Exercise aim: An exact copy of every record below is required, with the pictures left out.

Supplied records:
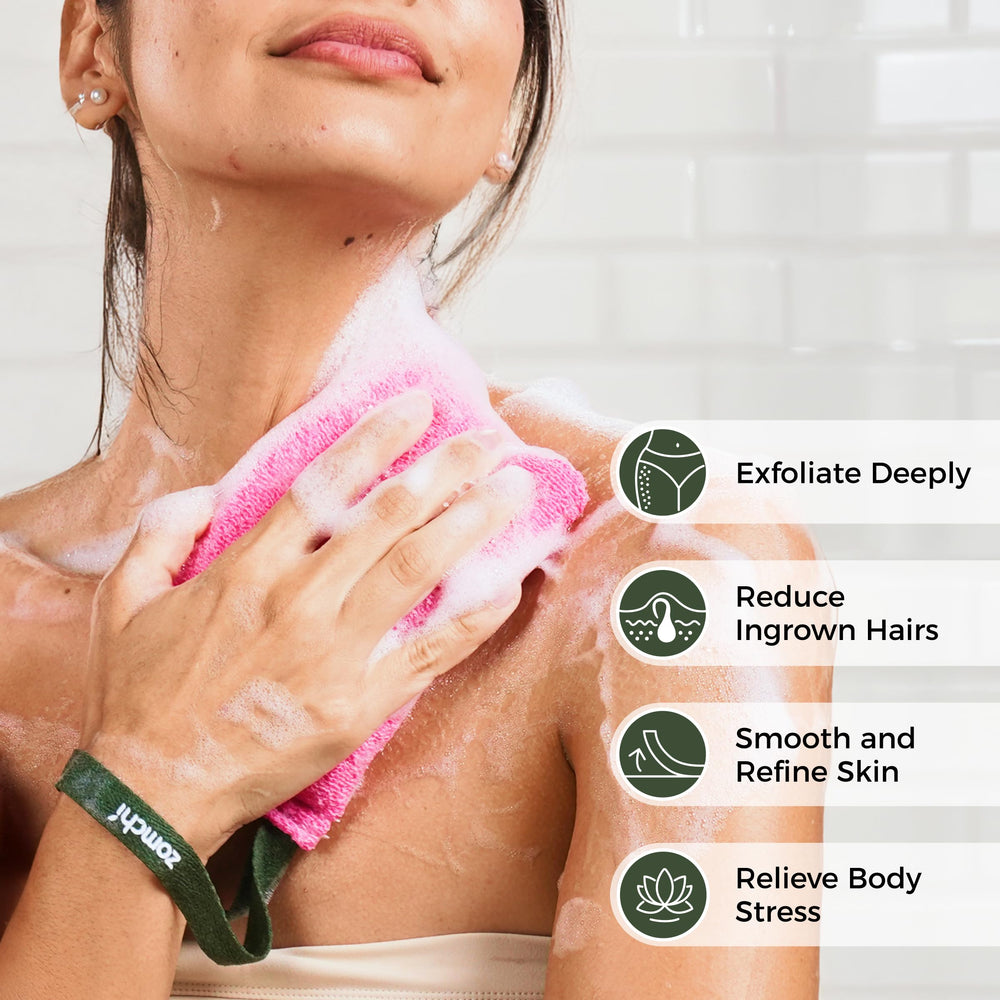 ZOMCHI exfoliante con esponja densa y espuma cremosa para duchas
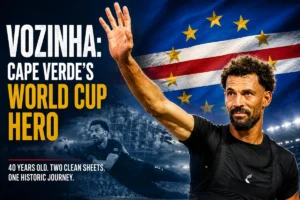 Vozinha waving in front of a Cape Verde flag as the 40-year-old goalkeeper becomes a World Cup hero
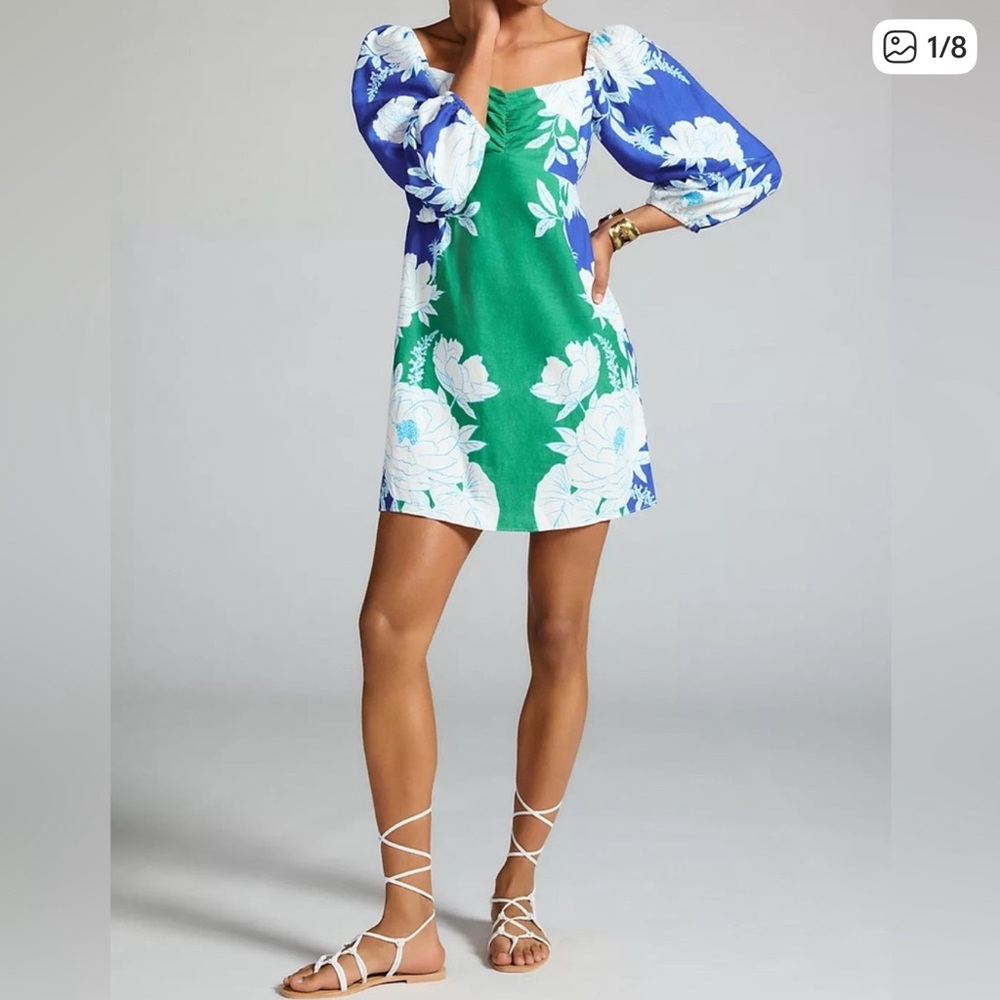 FARM Rio Blue and Green Floral Dress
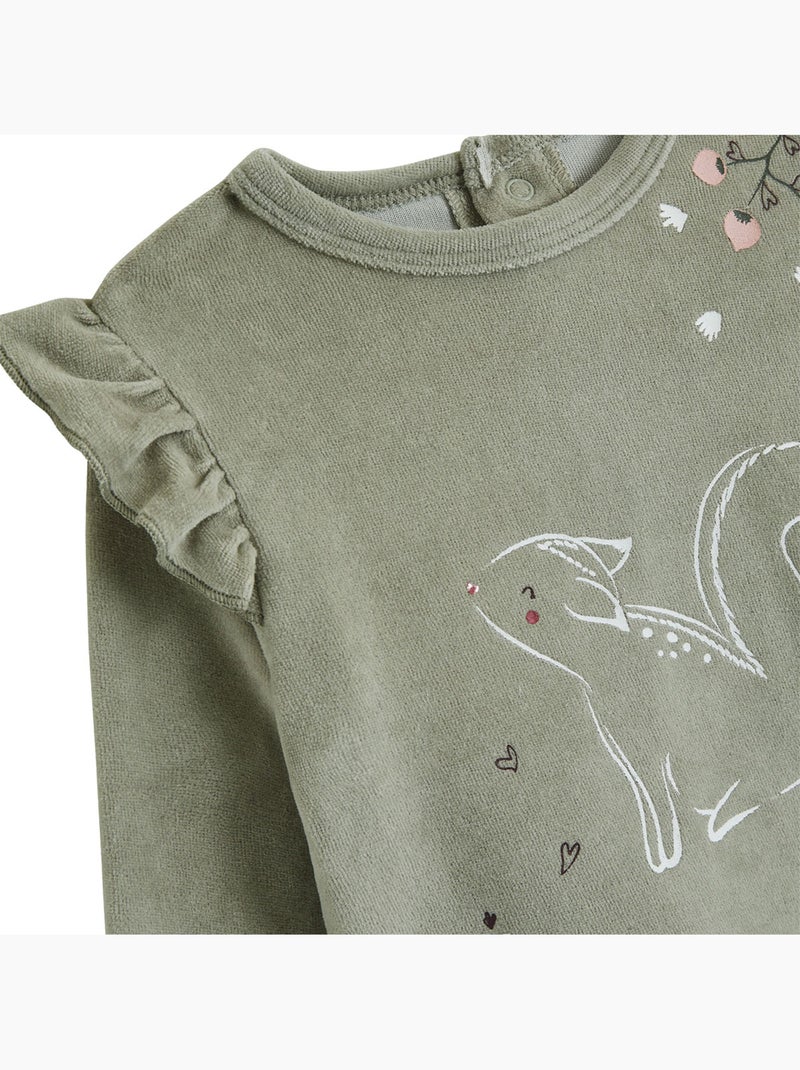 Pyjama enfant 2 pièces en velours misti Kaki - Kiabi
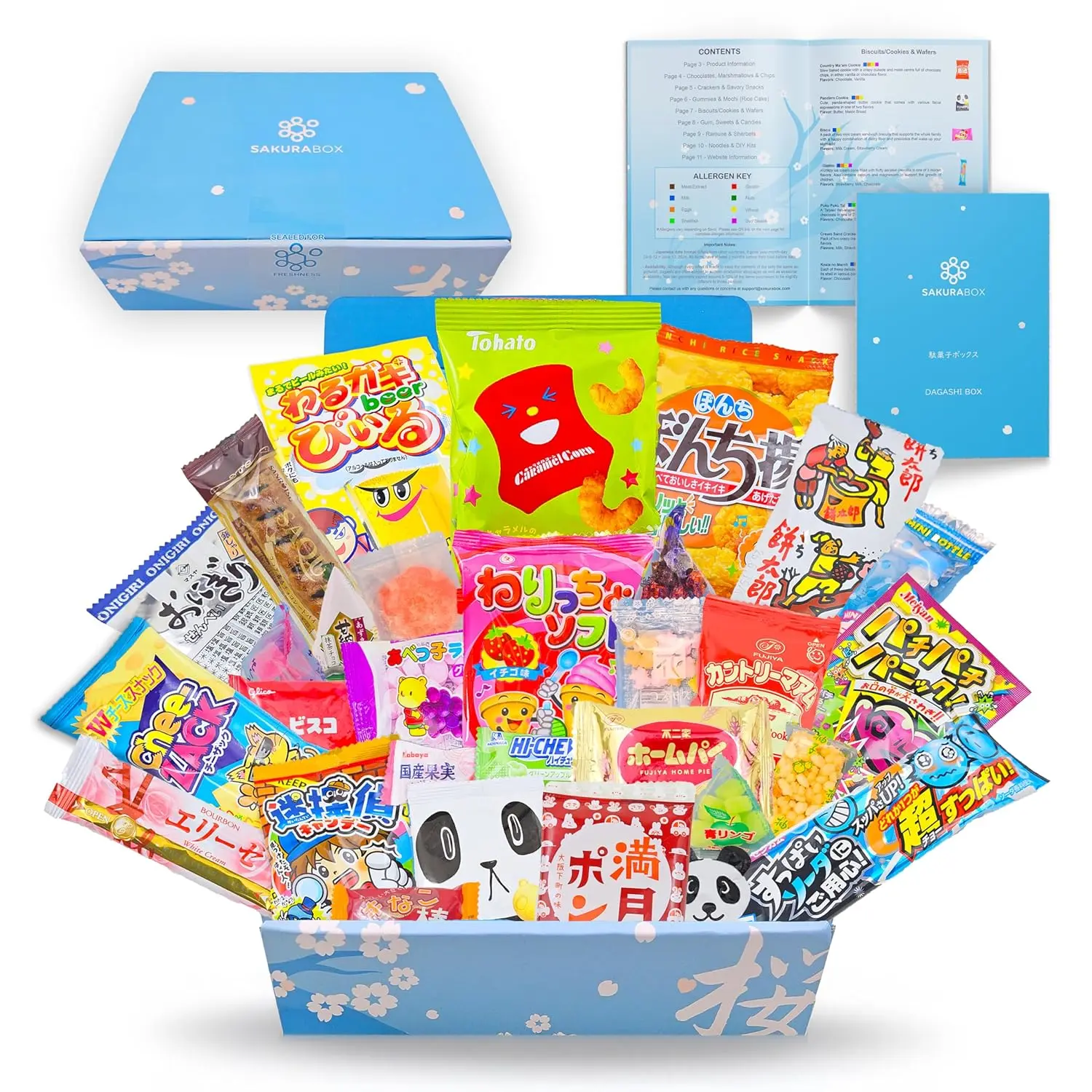 SANDAISOU Japanese Snacks & Candy Dagashi with English Pamphlet 30 Pieces Custom Gift Set Box Featuring Takato & HICHEI Brands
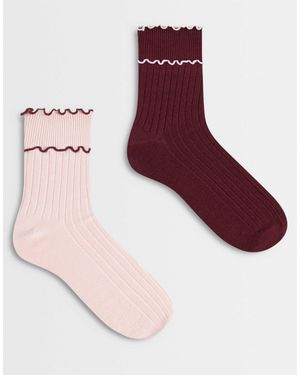 Cotton On 2pk The Perfect Pair Frill Ribbed Ankle Socks - Red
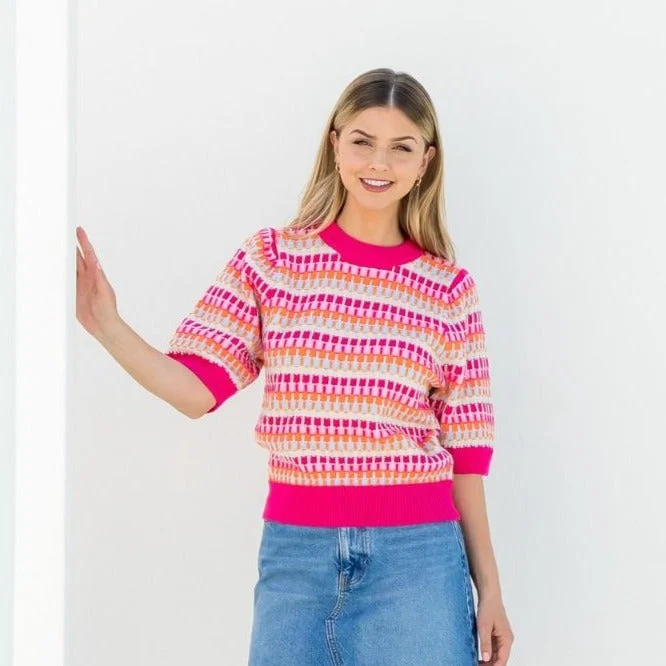 Crochet Pattern Knit Top- Magenta Long Sleeve Knit Tee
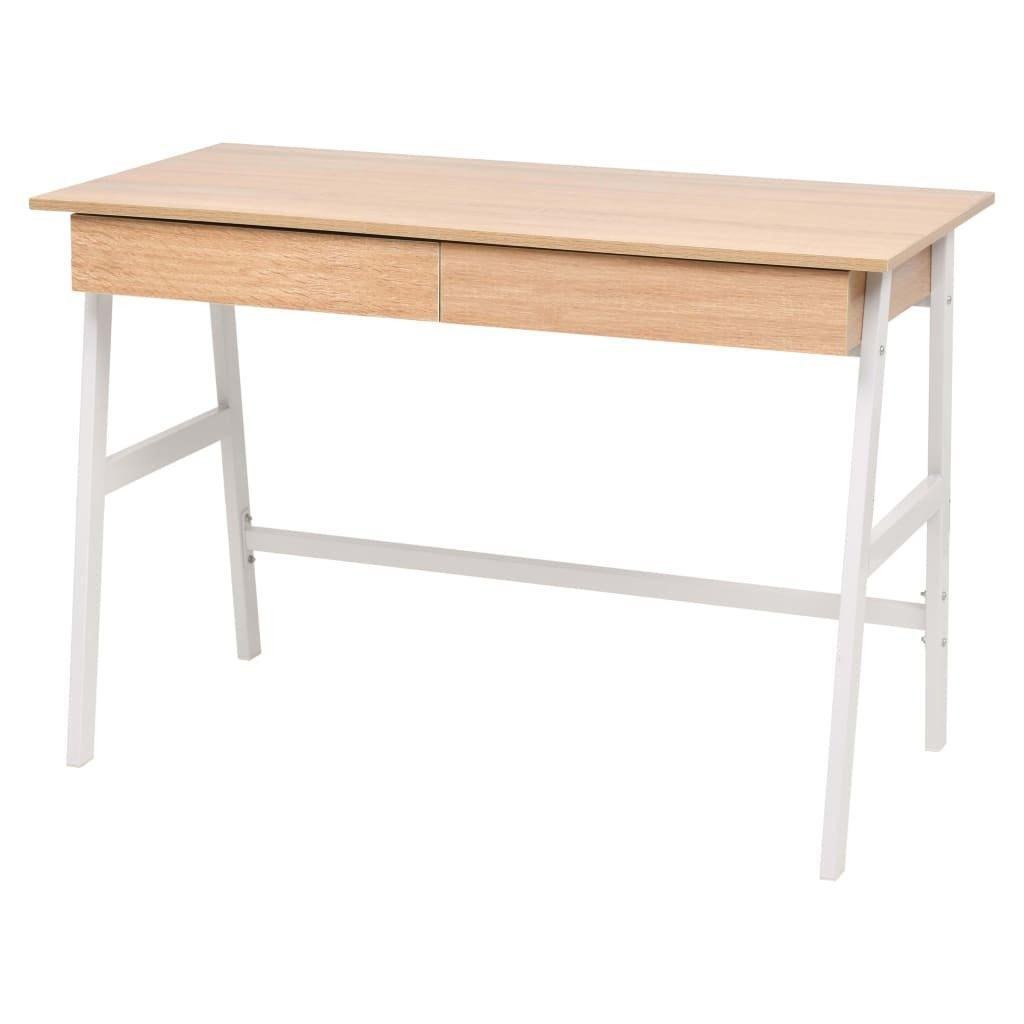 Writing Desk 110x55x75 cm Oak and White - image 1
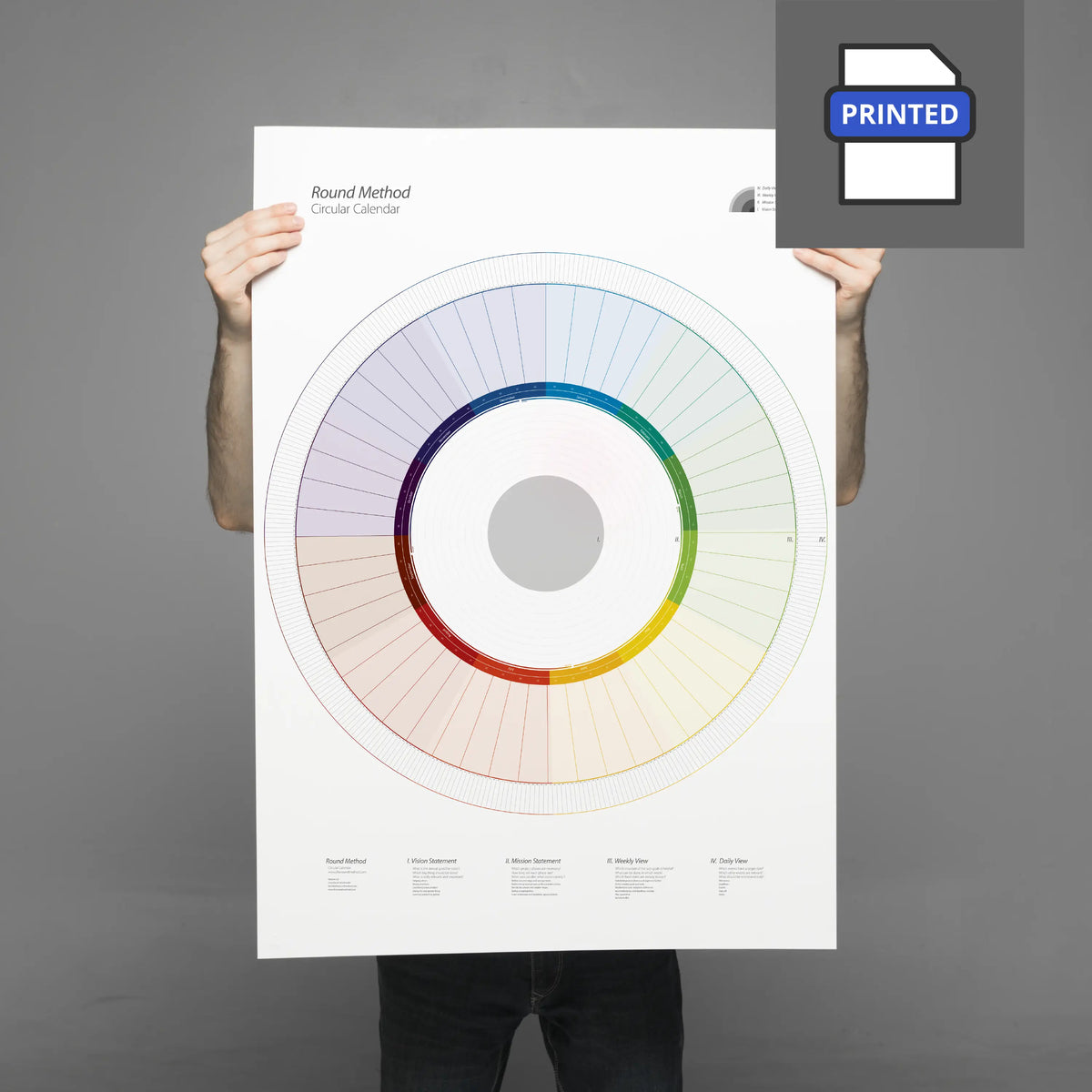 Round Calander Circular Calendar 2025 (Printed & Digital) - The Round Method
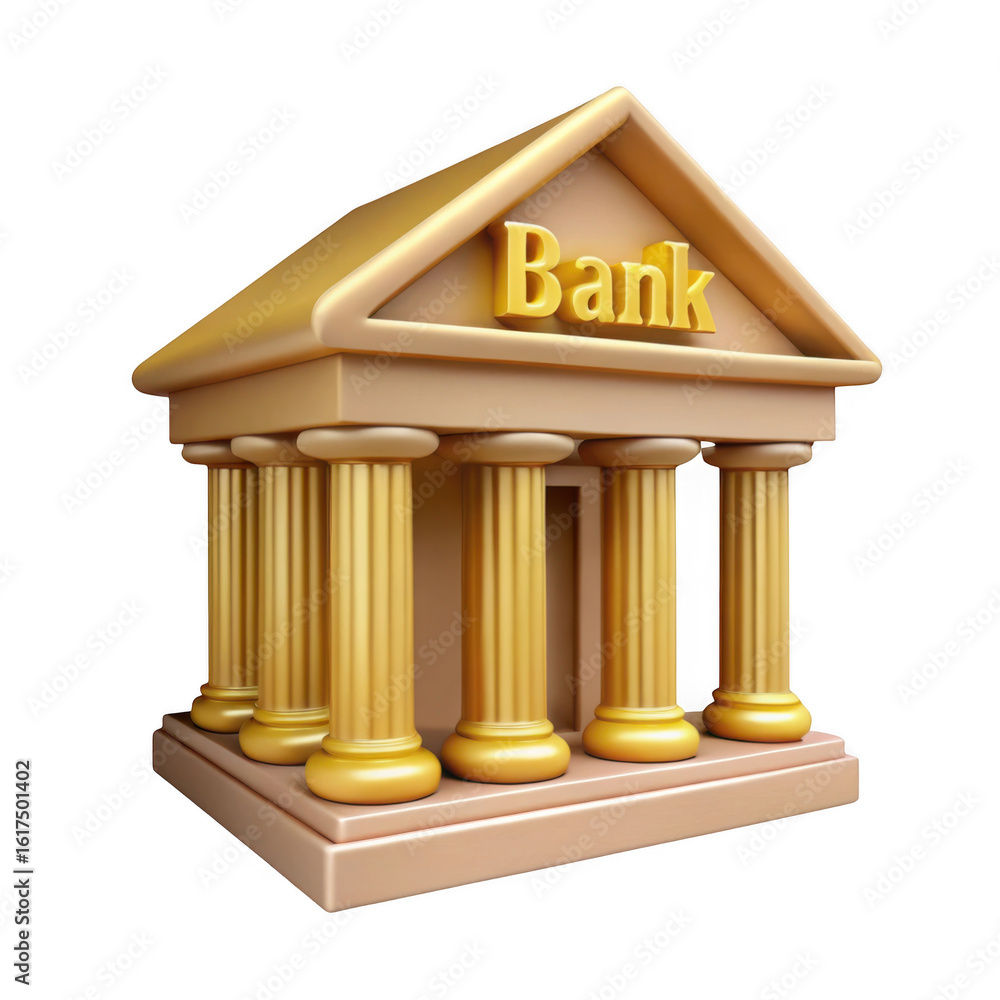 Poster 3d classic bank building with columns isolated on transparent background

Result for this task:
 ZOMCHI exfoliante con esponja densa y espuma cremosa para duchas
 Vozinha waving in front of a Cape Verde flag as the 40-year-old goalkeeper becomes a World Cup hero
 FARM Rio Blue and Green Floral Dress
 Pyjama enfant 2 pièces en velours misti Kaki - Kiabi
 SANDAISOU Japanese Snacks & Candy Dagashi with English Pamphlet 30 Pieces Custom Gift Set Box Featuring Takato & HICHEI Brands
 Cotton On 2pk The Perfect Pair Frill Ribbed Ankle Socks - Red
 Crochet Pattern Knit Top- Magenta Long Sleeve Knit Tee
 Writing Desk 110x55x75 cm Oak and White - image 1
 Round Calander Circular Calendar 2025 (Printed & Digital) - The Round Method
 Poster 3d classic bank building with columns isolated on transparent background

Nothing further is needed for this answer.